Last Wednesday marked my senior’s game first official playtesting session. Sure, people tested Tumbleton’s Fortune earlier while it was in development, but it was mostly me asking them specific questions like how movement felt, were the levels too big or small, and what did they think of game mechanic A, B, C, etc.
This time was different – I set the game up at our 2 designated stations and started inviting people to come check it out. Overall, the feedback was mostly positive which to my delight was better than I expected.
Our main game mechanic involves players picking up powerup objects, and then attaching them anywhere in the level. Getting players to understand how to use this mechanic and what they can do with it is a hugely important task. If players can’t understand it, they won’t enjoy the game, and won’t be able to get past some of the later levels, no matter how good they are at platforming sections.

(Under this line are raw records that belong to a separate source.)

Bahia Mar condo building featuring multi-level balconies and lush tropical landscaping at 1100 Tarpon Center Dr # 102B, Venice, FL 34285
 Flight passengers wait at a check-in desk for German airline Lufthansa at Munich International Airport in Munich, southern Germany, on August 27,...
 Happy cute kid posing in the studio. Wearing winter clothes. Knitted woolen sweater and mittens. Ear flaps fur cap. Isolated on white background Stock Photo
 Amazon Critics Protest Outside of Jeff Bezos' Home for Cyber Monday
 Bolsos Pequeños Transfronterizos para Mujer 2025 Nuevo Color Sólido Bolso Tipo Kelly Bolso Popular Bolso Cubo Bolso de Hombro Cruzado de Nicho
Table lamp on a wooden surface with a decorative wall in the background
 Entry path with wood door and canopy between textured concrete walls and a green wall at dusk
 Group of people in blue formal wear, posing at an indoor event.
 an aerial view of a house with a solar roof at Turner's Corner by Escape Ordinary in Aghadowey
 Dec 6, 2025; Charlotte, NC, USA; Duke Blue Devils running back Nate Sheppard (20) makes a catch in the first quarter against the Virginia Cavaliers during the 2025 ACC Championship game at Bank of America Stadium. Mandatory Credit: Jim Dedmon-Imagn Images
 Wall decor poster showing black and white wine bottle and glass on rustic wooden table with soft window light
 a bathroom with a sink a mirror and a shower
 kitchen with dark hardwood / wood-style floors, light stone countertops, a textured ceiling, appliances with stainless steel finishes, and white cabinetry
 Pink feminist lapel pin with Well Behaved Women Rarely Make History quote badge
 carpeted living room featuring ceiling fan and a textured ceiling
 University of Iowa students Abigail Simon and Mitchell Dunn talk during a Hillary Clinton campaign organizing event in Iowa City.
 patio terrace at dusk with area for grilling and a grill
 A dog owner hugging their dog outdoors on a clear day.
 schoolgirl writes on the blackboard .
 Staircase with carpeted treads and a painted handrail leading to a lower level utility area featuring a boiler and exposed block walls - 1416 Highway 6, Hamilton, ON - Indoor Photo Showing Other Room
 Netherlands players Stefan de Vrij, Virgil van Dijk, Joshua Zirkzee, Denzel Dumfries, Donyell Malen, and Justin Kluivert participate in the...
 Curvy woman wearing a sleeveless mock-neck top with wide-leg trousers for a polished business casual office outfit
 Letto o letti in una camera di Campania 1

For our first official playtesting session, I chose to take a more freeform approach of not explaining everything to the player. I wanted to see if the mechanic was easy enough for players to figure out by themselves. I believe that the simplicity of a gameplay mechanic is closely tied with how “sticky” it is – how fun and intuitive it is to use. If a game revolves around a mechanic, it better be sticky, otherwise players will put down your game.
Once the players pick up a large, green and spinny powerup object (it will have particle effects emanating from it eventually so it will be impossible to miss), a message pops up on the screen: “You have picked up an object! Click on it and use it to help you cross the gap”.
And that was it. It was up to the players to figure out that you can click the object icon in the player’s inventory on the bottom right, position it on the screen, and place it.
Most players quickly figured it out after trying a couple things. A joyful “Aha!” moment followed their success which made me smile. Interestingly enough, after rolling across the bridge object that they just placed, none of the playtesters attempted to pick up the bridge object and reposition it or place it somewhere else. It’s true that I never mentioned that you can do that, but in player’s minds, once they used up an object to come up with a solution, they forgot about it.
Obviously, the directions won’t be so ambiguous in the final version of the game, but it was a nice experiment into the psyche of new players.
A couple playtesters weren’t sure that the object attachment worked anywhere on the environment, some thought objects could only snap to the ground. The 2nd puzzle where you have to attach platforms to a wall to vertically scale it aims to teach them that, and putting some text explaining that you can attach objects to a wall would solidify it.
Because of this however, I’m leaning more towards locking the object down after a puzzle that requires it is complete.
The movement of the ball (Tumbleton) was hailed as just right by almost everybody, which made me breath a sigh of relief. I spent a lot of time tweaking things like movement speed, velocity, friction, stopping speed, jumping height, and the general feel of the ball. It felt great knowing it paid off.
More importantly, players said that controlling the ball just felt fun. They enjoyed rolling and jumping around, which is a testament to the controls being sticky.
Multiple playtesters complained about how jerky and fast the camera rotation was, an issue I suspected they would bring up. I relayed this information back to the programmers and we quickly smoothened out camera rotation.
We had a similar issue earlier in development when zooming in or out the camera. You don’t want the camera to zoom via clicks – fast movements in or out. Instead, you want to smoothen it out so it has more of an analogue feel, similar to how most RTS games do it. We fixed that early on, and I suggested that we also do the same thing for camera rotation while we were at it, but we put it on hold at the time. I’m glad the problem is finally fixed.
Since the game is a mix of platforming and puzzle solving, some players said that it was kind of a bummer that after having so much fun jumping around and navigating the terrain, they had to stop and figure out how to solve a puzzle. I think they said that because this was the beginning of the game, and they quite didn’t know how to play it yet. In later levels, I anticipate players going through the levels in a more quicker pace.
This reminds me of the flow in Mirror’s Edge. Subsequent playthroughs of the game were always more fun than the first because you knew where to go and where to jump, which helped you keep the flow and speed of the game going.
Some playtesters also complemented our graphics technology like the bump mapping and shadows, a nod to our graphics programmer. Even though most of the textures in our game are placeholder (they look too realistic), it’s still nice to know that the technology is there.
In the end, Tumbleton’s Fortune playtest session #1 was a huge success, and I’m looking forward to doing more of these in the future.